Pedro Marques garante que “não há nenhum utente da Lezíria desprotegido do acesso a cuidados de saúde”
12 Janeiro 2025, 18:59Na segunda parte da entrevista, o novo presidente do Conselho de Administração da Unidade Local de Saúde da Lezíria (ULS Lezíria), Pedro Marques, aborda a temática da escassez de médicos e profissionais de saúde, bem como os desafios que afetam o setor na região.
Considerando esta situação transversal a todo o país, o novo administrador aponta para alguns “problemas geracionais” que afetam a classe médica nos dias de hoje. A necessidade de valorização profissional e pessoal, aliada à falta de “tempo de lazer” entre os profissionais médicos, são alguns dos fatores que, na perspetiva de Pedro Marques, afastam os clínicos do Serviço Nacional de Saúde (SNS).
Embora reconheça não ter uma “solução milagrosa”, Pedro Marques defende que “a dignificação da profissão de médico ao serviço do Estado e a criação de condições que a tornem simultaneamente competitiva e prestigiante para quem a exerce” podem ser o caminho para reter médicos no SNS.
O novo administrador da ULS Lezíria assegura ainda que “o Ministério da Saúde está, neste momento, a envidar esforços para que as condições de fixação de médicos sejam competitivas em relação à oferta existente nos dias de hoje”.
Notícias do Sorraia (N.S): Qual será o segredo para atrair médicos para o Hospital de Santarém?
Pedro Marques (P.M): Atualmente, existe um problema geracional no novo corpo de médicos que está a fazer o seu percurso de formação geral e, sobretudo, de formação específica, para aqueles que escolhem seguir essa via. Há muitos médicos que completam a formação geral e não demonstram interesse em realizar uma formação específica, ou seja, em tornarem-se especialistas.
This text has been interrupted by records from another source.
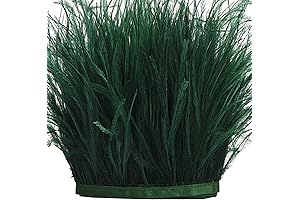 THARAHT Blackish Green Ostrich Feather Trim Sewing Fringe 2Yard 4-6inch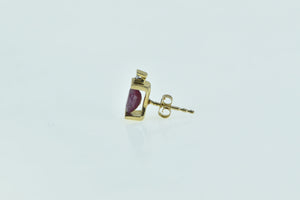 10K Oval Natural Ruby Diamond Accent Single Stud Earring Yellow Gold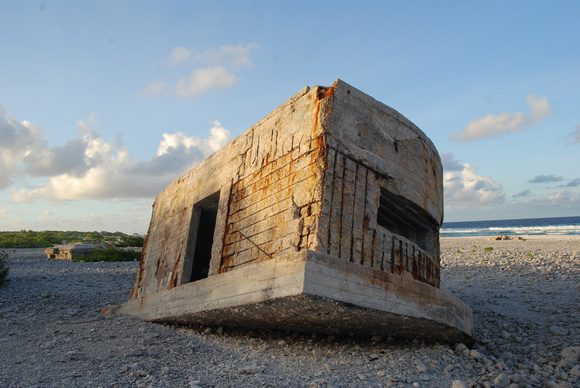 Pillbox tipped by typhoon wave in 2006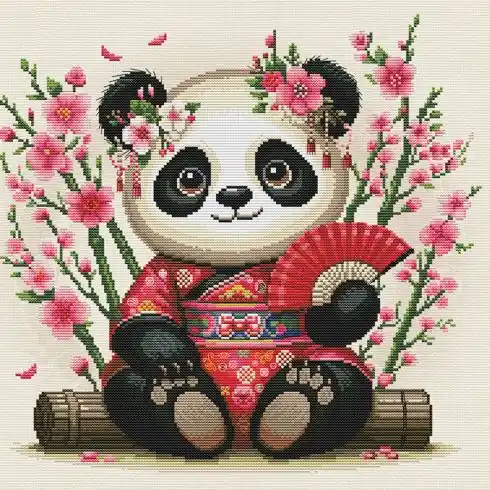 kit ricamo a punto croce - piccolo panda - Nova Sloboda Promozione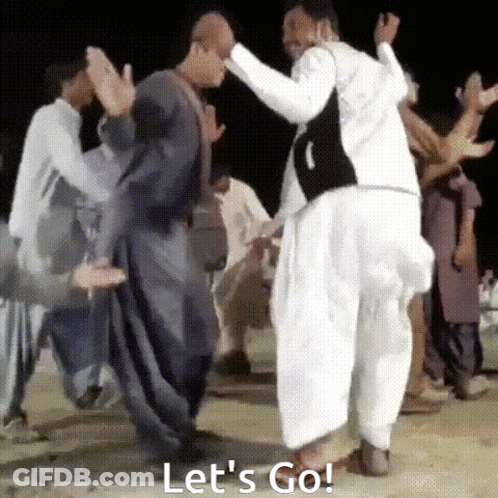 Men Dancing With Let's Go GIF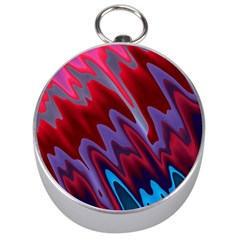 Red Blue Zig Zag Waves Pattern Silver Compasses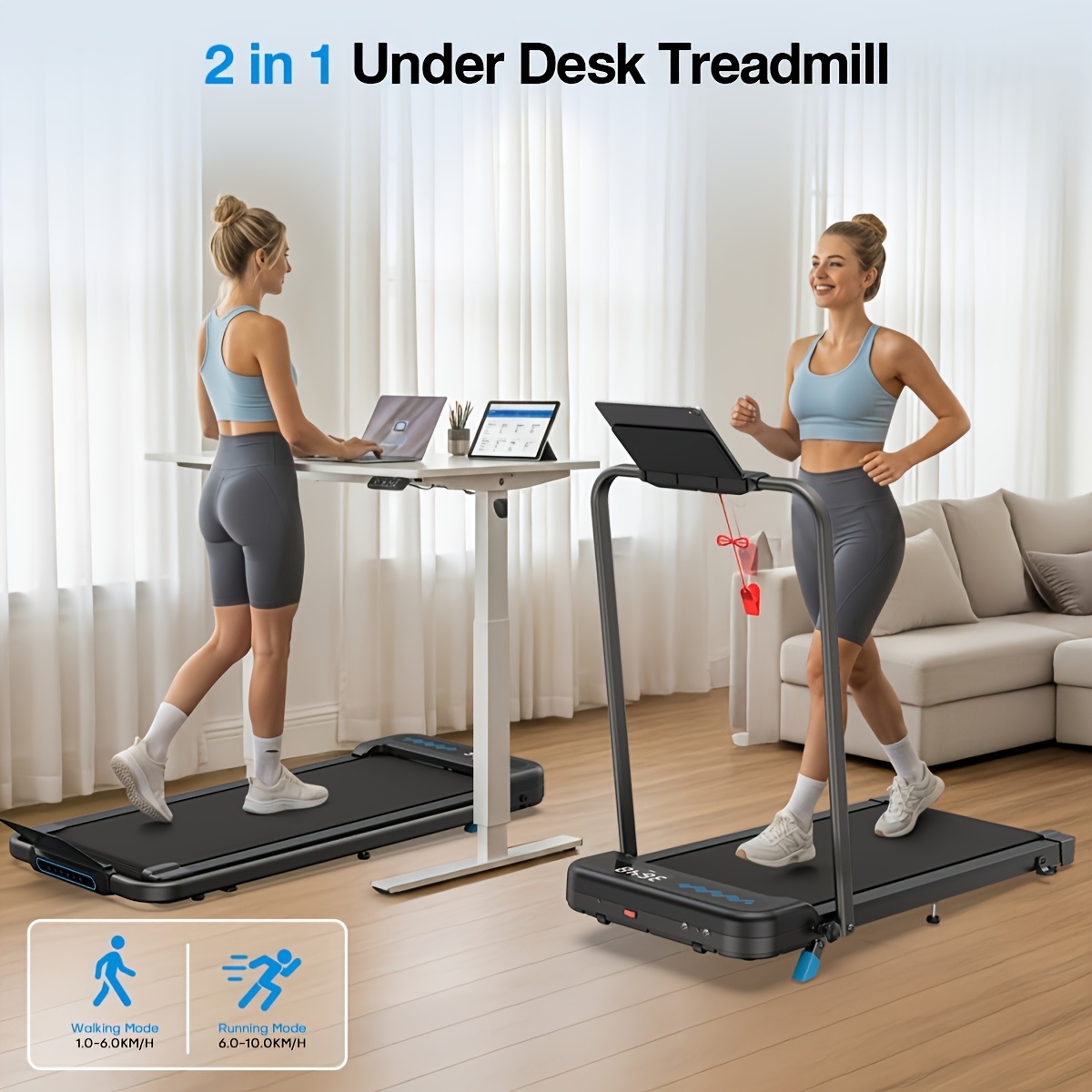 TEMU A Versatile 3-in-1 Folding Treadmill Designed For Walking, Featuring A 10% Incline, A Weight Capacity Of 145kg, And Speed Settings From 1.0 To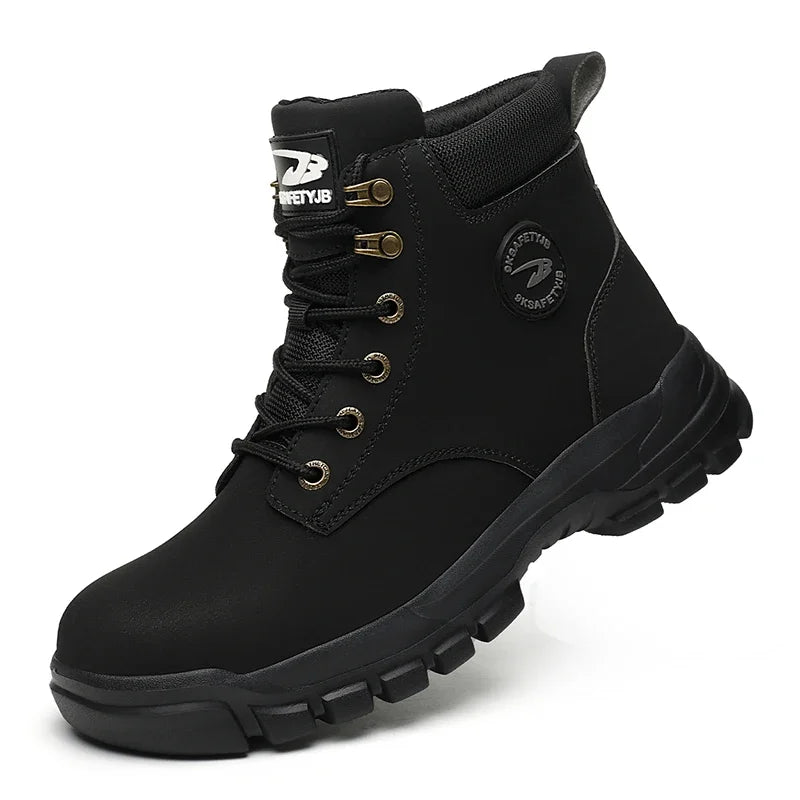 Mandotos International men's stylish waterproof winter steel toe work boots, sturdy and indestructible safety shoes for rugged use.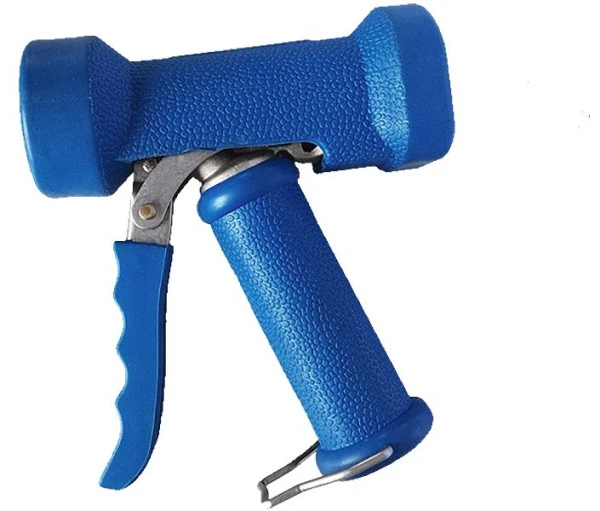 Busching pistolet de lavage industriel G1/2" max. 25bar/65°C jet réglable protection caoutchouc EPDM bleu 100915...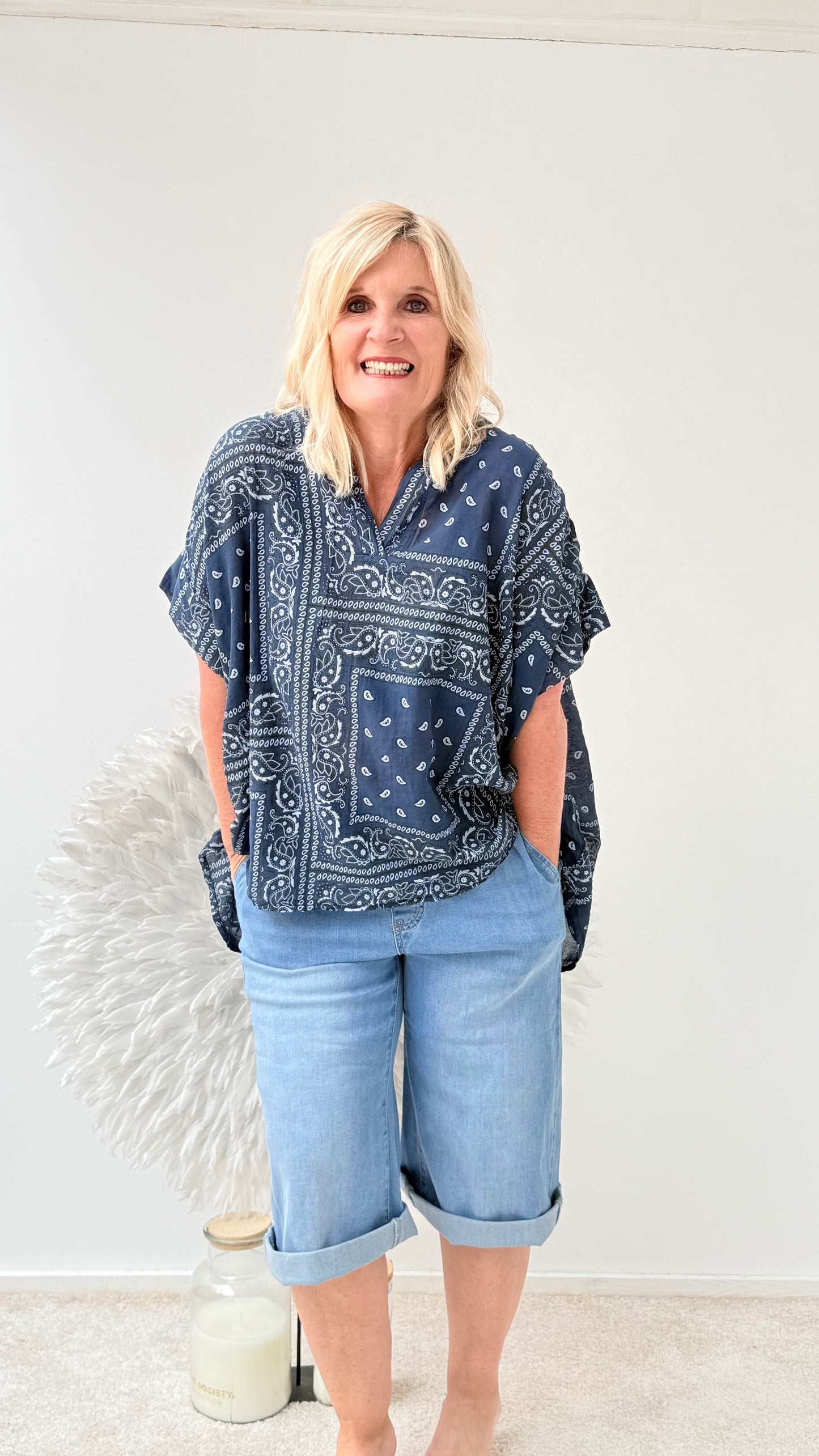 BLUSE IM PAISLEY PRINT "BLAU"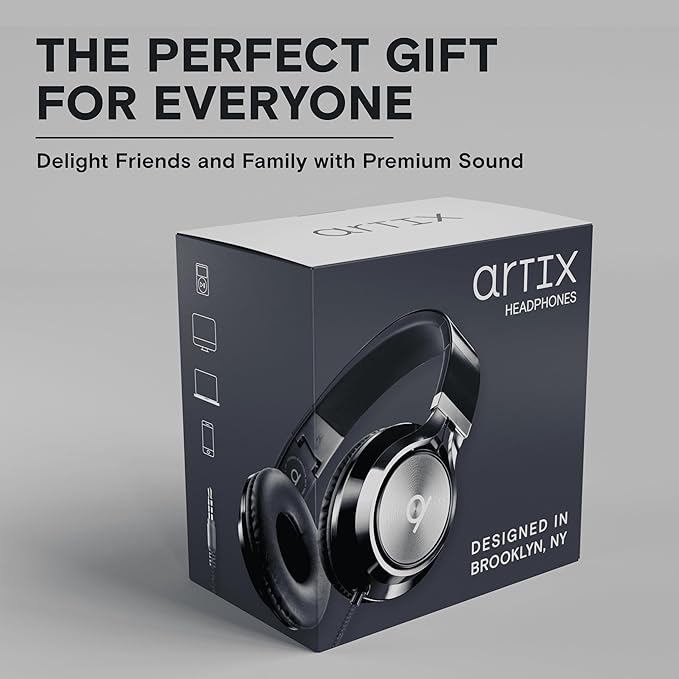 ARTIX CL750 Wired Headphones with Mic — Noise Isolating On-Ear Headphones for Computer and Laptop Wired, Plug in Corded Headphone with Wire (Foldable, Aux Jack 3.5mm)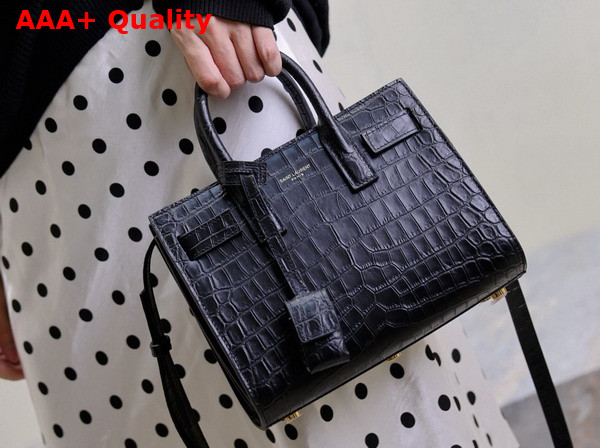 Saint Laurent Sac de Jour in Crocodile Embossed Leather Nano Black Replica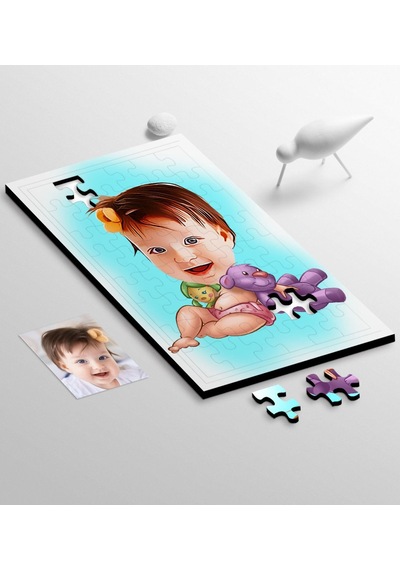 Kişiye Özel Bebek Karikatür 104 Parça Ahşap Puzzle - 2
Por outro lado, há médicos que concluem a sua especialização e não pretendem vincular-se ao Serviço Nacional de Saúde (SNS).
Não se trata de um problema específico de Santarém ou da Lezíria, mas sim de uma questão nacional, que tem também uma dimensão cultural e geracional. Muitos profissionais preferem não assumir, como faziam os médicos mais experientes, um compromisso para toda a vida. E é perfeitamente normal que assim seja. Hoje em dia, os médicos são mais móveis: podem trabalhar no estrangeiro, participar em programas de intercâmbio, envolver-se em projetos de cooperação com países em desenvolvimento, ou optar entre o setor público e o privado.
O Ministério da Saúde está, neste momento, a envidar esforços para tornar as condições de fixação de médicos mais competitivas em relação àquilo que é, atualmente, a oferta existente no mercado.
De facto, há muitos médicos que preferem não se vincular, optando frequentemente por trabalhar em regime de tarefa. No curto prazo, isso pode ser vantajoso para eles. No entanto, não sei se será tão benéfico para os hospitais, nem para reforçar uma identidade cultural, neste caso, de uma entidade como a Unidade Local de Saúde da Lezíria.
Os jovens de hoje procuram equilíbrio. Não querem ser escravos do trabalho; procuram dias livres, momentos de lazer, oportunidades para investigação e viagens. Existe, claramente, uma necessidade de ajustamento, que é um problema societal e não apenas exclusivo dos médicos. Contudo, no caso específico da medicina e da necessidade de atrair médicos, isso tem impacto.
Existem condições que podem ser criadas para reter médicos, mas não há soluções milagrosas. Não se trata apenas de captar ou atrair talento. Afinal, quem não estiver disposto a permanecer não será possível de reter.
Por isso, acredito que tudo depende da dignificação da profissão de médico ao serviço do Estado. Essa dignificação deve tornar a profissão competitiva, prestigiante e valorizada para quem a exerce. Deve também justificar e enaltecer a opção de carreira que os médicos escolhem.
Uma das bases da teoria económica é que os recursos, por definição, são escassos. No caso da saúde, isso reflete-se no facto de termos necessidades e sonhos ilimitados, mas recursos que são finitos e limitados. Gerir recursos implica, muitas vezes, tomar decisões com um custo de oportunidade. Não podemos ter tudo; é necessário priorizar.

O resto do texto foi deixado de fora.